[Extracted data entries]
== Segment start ==
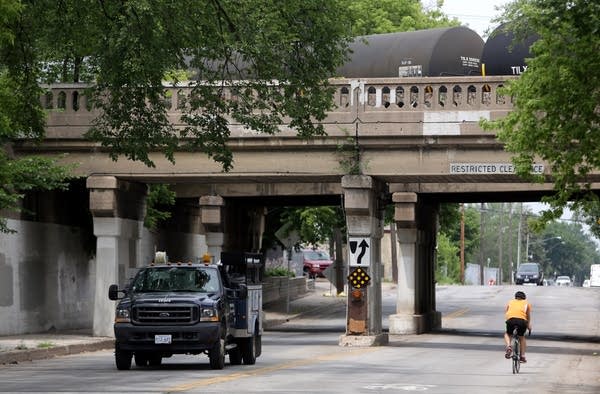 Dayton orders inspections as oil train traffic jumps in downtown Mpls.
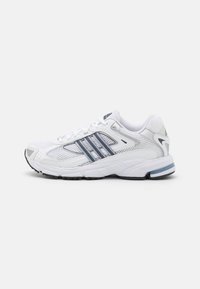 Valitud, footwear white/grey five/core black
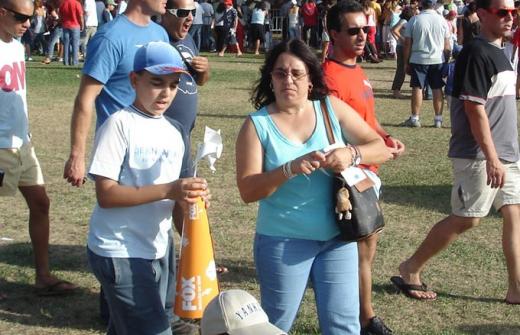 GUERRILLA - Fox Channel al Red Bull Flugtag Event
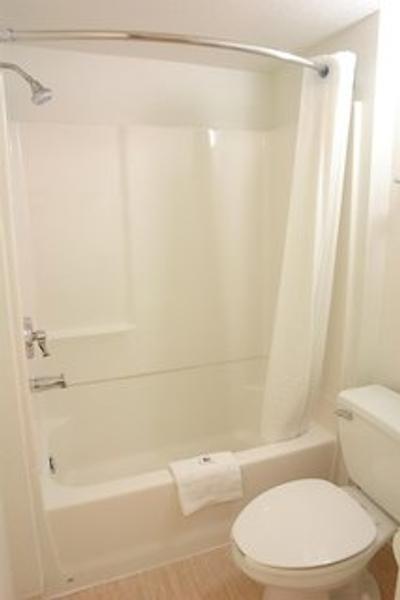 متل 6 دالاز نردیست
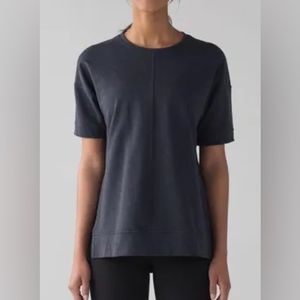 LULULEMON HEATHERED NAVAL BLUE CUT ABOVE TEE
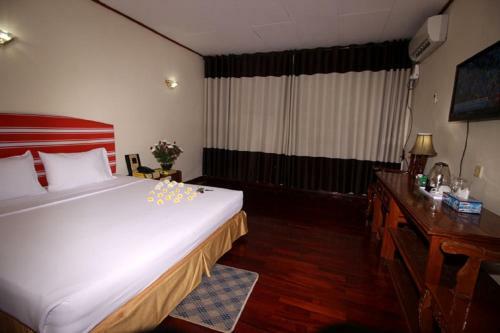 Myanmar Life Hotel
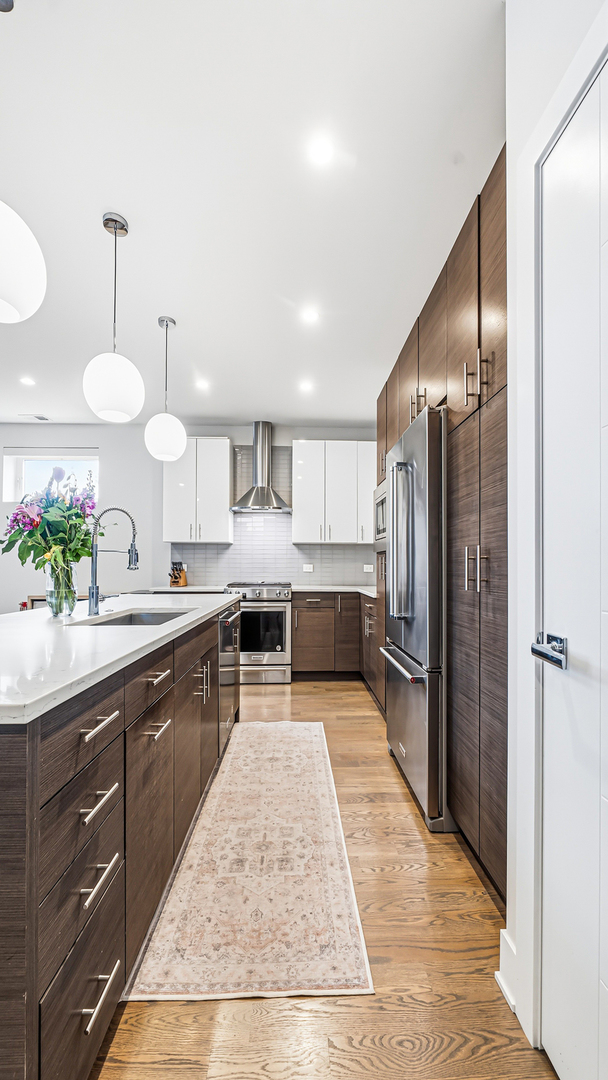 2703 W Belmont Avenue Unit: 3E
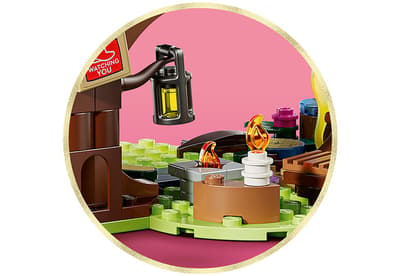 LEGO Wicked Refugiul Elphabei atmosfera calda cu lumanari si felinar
== Segment end ==
_REQUIRED ACTION_
Copy out the entries exactly as they stand, omitting the images.

_EXPECTED ANSWER_
 Dayton orders inspections as oil train traffic jumps in downtown Mpls.
 Valitud, footwear white/grey five/core black
 GUERRILLA - Fox Channel al Red Bull Flugtag Event
 متل 6 دالاز نردیست
 LULULEMON HEATHERED NAVAL BLUE CUT ABOVE TEE
 Myanmar Life Hotel
 2703 W Belmont Avenue Unit: 3E
 LEGO Wicked Refugiul Elphabei atmosfera calda cu lumanari si felinar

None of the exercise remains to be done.